### Work item
Give an exact copy of the line that has "Castleton, VA 22716" and of every line below it, through the last, with nothing else.

[Records contained in a dataset]
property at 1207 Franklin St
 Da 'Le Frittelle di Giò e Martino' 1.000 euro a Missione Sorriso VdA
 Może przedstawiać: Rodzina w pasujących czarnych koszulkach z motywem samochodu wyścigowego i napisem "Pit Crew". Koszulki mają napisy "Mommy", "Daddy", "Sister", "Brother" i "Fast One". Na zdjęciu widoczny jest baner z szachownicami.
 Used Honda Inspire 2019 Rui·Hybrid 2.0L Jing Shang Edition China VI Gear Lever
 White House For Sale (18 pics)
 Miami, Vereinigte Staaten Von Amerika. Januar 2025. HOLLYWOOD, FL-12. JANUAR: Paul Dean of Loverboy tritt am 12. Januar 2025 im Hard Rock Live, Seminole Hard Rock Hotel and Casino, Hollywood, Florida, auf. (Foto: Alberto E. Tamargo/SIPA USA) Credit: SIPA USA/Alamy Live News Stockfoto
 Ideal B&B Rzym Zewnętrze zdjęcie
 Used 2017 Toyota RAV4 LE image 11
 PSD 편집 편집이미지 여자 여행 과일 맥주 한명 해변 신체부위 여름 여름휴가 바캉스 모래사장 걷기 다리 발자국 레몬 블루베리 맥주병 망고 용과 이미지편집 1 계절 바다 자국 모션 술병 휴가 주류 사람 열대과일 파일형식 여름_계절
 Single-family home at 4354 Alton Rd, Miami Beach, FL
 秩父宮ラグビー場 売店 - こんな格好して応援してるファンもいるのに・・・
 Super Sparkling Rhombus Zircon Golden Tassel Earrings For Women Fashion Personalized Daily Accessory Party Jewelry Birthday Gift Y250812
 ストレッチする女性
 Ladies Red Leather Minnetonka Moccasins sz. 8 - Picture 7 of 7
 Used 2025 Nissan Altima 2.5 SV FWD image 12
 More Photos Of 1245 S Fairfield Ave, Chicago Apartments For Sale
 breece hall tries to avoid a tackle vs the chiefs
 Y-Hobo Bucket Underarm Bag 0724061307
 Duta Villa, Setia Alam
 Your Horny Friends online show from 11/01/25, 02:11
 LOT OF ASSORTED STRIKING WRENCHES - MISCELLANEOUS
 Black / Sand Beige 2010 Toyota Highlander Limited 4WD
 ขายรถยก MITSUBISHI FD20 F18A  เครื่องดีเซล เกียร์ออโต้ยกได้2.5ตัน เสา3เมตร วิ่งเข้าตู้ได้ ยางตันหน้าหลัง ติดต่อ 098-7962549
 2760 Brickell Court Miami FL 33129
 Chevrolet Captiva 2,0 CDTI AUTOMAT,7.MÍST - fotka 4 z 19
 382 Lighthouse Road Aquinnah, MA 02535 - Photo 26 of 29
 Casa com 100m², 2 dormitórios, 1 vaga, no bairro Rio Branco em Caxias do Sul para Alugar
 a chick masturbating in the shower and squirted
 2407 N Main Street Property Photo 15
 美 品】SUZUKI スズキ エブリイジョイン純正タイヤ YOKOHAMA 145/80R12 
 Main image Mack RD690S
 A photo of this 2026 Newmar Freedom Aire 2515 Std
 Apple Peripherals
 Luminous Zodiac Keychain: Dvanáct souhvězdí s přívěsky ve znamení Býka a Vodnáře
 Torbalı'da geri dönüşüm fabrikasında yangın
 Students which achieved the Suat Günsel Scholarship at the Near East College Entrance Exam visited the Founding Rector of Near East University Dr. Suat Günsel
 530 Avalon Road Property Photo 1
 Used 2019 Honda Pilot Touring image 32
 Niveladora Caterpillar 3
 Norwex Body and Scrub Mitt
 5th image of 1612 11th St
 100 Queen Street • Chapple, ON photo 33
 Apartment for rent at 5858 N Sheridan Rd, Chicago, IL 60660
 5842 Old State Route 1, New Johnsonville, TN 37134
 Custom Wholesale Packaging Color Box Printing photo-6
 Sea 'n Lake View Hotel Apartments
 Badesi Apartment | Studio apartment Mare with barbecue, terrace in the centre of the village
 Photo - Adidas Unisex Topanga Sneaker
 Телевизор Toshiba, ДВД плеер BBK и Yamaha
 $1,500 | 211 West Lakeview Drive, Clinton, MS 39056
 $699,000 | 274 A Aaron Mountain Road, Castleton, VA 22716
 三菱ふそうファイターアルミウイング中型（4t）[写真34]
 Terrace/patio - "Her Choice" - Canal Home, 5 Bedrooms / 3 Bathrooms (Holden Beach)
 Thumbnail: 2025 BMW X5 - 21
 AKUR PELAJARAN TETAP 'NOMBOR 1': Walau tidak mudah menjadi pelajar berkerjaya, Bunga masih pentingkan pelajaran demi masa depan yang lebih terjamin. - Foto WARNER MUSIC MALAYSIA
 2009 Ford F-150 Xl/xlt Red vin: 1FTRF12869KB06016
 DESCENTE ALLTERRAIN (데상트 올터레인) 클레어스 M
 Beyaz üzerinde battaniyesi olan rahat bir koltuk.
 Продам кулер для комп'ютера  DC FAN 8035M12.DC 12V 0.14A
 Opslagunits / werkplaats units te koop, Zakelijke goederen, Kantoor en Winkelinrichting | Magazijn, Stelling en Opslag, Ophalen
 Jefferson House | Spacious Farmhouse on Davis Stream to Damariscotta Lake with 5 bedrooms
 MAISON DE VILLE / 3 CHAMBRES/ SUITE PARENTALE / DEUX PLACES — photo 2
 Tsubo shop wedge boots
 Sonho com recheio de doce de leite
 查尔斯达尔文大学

### Output below
 $699,000 | 274 A Aaron Mountain Road, Castleton, VA 22716
 三菱ふそうファイターアルミウイング中型（4t）[写真34]
 Terrace/patio - "Her Choice" - Canal Home, 5 Bedrooms / 3 Bathrooms (Holden Beach)
 Thumbnail: 2025 BMW X5 - 21
 AKUR PELAJARAN TETAP 'NOMBOR 1': Walau tidak mudah menjadi pelajar berkerjaya, Bunga masih pentingkan pelajaran demi masa depan yang lebih terjamin. - Foto WARNER MUSIC MALAYSIA
 2009 Ford F-150 Xl/xlt Red vin: 1FTRF12869KB06016
 DESCENTE ALLTERRAIN (데상트 올터레인) 클레어스 M
 Beyaz üzerinde battaniyesi olan rahat bir koltuk.
 Продам кулер для комп'ютера  DC FAN 8035M12.DC 12V 0.14A
 Opslagunits / werkplaats units te koop, Zakelijke goederen, Kantoor en Winkelinrichting | Magazijn, Stelling en Opslag, Ophalen
 Jefferson House | Spacious Farmhouse on Davis Stream to Damariscotta Lake with 5 bedrooms
 MAISON DE VILLE / 3 CHAMBRES/ SUITE PARENTALE / DEUX PLACES — photo 2
 Tsubo shop wedge boots
 Sonho com recheio de doce de leite
 查尔斯达尔文大学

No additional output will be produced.